> _Task data_
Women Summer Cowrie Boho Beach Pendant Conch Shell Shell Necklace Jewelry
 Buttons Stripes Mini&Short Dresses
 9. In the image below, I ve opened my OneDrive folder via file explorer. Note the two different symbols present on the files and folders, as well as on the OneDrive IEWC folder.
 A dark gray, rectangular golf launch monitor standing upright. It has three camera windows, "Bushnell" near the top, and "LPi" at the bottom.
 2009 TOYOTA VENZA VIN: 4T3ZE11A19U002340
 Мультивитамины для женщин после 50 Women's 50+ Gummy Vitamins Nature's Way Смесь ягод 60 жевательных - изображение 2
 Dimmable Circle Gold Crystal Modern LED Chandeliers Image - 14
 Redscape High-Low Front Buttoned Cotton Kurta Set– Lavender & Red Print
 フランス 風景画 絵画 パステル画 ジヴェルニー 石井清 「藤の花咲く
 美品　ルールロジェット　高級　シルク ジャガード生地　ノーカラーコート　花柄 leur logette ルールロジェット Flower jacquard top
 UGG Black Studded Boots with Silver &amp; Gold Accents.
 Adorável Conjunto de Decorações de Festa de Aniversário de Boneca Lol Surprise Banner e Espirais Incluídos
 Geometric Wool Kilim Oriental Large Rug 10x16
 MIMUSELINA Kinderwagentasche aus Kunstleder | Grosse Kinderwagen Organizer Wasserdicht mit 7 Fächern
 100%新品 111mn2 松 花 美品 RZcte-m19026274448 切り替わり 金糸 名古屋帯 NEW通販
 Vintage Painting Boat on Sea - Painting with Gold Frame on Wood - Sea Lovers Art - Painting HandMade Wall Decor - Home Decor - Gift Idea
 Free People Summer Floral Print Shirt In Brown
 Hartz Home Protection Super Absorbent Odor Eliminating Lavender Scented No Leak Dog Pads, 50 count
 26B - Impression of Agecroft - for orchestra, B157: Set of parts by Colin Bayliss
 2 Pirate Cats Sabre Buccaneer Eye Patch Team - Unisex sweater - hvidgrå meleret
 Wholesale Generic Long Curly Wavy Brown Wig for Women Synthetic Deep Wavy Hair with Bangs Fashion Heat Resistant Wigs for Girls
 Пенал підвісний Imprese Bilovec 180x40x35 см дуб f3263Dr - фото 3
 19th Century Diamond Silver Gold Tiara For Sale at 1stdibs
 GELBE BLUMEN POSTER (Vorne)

> _Task objective_
Please make an exact copy of the lines above from the line with "Free People Summer" through the line with "26B - Impression", both ends included.

> _Solution to this problem_
 Free People Summer Floral Print Shirt In Brown
 Hartz Home Protection Super Absorbent Odor Eliminating Lavender Scented No Leak Dog Pads, 50 count
 26B - Impression of Agecroft - for orchestra, B157: Set of parts by Colin Bayliss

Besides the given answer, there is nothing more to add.